Task directions: Each line that holds the word "Accessories" counts once; give the total for the records below and nothing else.

Listed records:
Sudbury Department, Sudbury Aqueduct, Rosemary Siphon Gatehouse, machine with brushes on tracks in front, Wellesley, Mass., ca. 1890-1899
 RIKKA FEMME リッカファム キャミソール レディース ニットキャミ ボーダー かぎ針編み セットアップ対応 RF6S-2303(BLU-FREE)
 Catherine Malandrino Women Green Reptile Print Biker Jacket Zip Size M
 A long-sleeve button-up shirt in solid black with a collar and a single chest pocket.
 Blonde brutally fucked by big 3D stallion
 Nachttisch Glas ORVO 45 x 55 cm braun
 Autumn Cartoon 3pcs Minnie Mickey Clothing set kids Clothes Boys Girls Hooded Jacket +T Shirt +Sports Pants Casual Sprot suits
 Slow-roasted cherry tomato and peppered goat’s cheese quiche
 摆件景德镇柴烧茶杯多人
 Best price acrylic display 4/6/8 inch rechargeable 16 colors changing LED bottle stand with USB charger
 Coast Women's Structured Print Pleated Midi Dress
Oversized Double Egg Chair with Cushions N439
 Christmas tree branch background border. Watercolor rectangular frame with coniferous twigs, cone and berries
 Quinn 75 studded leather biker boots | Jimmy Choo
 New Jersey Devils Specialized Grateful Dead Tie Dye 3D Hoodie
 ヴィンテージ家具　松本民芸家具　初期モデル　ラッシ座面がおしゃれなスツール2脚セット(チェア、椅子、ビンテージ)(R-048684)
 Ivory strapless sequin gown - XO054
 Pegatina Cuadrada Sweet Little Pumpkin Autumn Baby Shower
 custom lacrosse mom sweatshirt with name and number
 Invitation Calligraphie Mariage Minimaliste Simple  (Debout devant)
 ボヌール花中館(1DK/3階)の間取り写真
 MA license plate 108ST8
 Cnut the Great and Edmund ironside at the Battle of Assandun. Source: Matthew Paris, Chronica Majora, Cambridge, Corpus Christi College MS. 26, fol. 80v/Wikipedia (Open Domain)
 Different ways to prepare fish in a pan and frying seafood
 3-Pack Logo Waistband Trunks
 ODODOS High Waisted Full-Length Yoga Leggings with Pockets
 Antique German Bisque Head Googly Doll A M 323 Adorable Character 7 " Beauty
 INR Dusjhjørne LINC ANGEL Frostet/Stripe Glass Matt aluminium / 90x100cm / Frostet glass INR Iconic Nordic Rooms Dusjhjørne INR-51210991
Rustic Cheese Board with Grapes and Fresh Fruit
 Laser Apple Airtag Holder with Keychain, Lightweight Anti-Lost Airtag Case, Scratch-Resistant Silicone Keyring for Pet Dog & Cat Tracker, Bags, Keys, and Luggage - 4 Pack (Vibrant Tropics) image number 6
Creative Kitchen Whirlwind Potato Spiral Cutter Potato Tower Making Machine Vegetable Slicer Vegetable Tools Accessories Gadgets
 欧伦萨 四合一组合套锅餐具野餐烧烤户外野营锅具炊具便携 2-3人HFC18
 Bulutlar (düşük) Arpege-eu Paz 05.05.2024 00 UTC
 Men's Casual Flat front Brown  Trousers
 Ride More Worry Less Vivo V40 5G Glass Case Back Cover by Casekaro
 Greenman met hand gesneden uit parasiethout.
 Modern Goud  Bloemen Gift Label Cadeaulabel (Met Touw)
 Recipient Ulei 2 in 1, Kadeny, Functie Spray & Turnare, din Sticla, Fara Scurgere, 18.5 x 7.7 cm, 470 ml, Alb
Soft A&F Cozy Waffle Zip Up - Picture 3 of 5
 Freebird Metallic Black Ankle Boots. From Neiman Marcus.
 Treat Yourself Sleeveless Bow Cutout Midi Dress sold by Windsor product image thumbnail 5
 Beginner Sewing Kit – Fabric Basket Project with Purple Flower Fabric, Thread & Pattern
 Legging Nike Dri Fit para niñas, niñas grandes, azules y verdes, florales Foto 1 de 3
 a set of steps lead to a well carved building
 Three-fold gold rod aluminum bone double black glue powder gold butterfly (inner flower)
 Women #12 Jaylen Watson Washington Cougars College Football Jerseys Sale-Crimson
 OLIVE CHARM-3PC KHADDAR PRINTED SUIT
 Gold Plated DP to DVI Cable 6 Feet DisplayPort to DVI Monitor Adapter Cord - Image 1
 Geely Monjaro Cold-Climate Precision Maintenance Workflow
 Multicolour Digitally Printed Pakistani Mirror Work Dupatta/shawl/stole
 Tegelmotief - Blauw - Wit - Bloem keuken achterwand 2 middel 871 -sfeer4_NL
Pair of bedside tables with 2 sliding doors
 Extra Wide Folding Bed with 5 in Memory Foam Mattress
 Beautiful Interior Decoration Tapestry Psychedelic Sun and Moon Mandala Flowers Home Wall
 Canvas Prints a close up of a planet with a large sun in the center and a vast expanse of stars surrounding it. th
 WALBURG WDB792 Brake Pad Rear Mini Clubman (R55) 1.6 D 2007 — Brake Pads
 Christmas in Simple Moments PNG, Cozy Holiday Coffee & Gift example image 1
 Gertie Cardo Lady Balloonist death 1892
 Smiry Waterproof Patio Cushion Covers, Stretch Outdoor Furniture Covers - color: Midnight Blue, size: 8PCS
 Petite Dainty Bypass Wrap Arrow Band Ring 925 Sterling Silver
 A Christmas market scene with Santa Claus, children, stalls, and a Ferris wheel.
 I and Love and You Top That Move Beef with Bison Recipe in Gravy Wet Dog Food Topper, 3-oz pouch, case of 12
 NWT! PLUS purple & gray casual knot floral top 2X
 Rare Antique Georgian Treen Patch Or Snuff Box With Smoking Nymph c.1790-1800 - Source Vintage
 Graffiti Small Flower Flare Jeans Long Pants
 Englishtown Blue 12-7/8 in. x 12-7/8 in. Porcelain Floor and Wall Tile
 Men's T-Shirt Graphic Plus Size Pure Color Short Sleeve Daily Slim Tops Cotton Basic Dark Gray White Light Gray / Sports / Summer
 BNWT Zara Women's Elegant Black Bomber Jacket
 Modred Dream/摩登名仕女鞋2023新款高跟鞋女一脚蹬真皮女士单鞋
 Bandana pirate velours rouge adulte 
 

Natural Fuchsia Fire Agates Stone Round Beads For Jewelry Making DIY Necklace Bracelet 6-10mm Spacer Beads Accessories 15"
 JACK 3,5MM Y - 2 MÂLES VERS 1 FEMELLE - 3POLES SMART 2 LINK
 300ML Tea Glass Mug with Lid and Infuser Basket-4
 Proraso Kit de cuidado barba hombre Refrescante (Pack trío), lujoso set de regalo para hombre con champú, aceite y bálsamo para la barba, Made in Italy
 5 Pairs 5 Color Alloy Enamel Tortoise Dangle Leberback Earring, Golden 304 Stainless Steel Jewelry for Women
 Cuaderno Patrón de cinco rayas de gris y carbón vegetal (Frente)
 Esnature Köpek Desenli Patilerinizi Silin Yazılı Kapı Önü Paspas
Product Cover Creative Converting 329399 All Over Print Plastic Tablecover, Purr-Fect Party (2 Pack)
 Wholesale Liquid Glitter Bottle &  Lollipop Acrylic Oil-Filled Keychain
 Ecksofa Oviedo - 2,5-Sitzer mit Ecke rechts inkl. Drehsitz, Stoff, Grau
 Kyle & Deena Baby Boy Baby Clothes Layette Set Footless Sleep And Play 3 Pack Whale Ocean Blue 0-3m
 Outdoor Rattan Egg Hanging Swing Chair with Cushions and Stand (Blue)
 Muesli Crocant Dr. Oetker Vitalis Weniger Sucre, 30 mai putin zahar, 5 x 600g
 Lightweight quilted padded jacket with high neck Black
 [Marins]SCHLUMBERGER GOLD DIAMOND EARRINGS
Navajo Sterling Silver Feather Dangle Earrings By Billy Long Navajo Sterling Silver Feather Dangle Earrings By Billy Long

Exercise answer: 2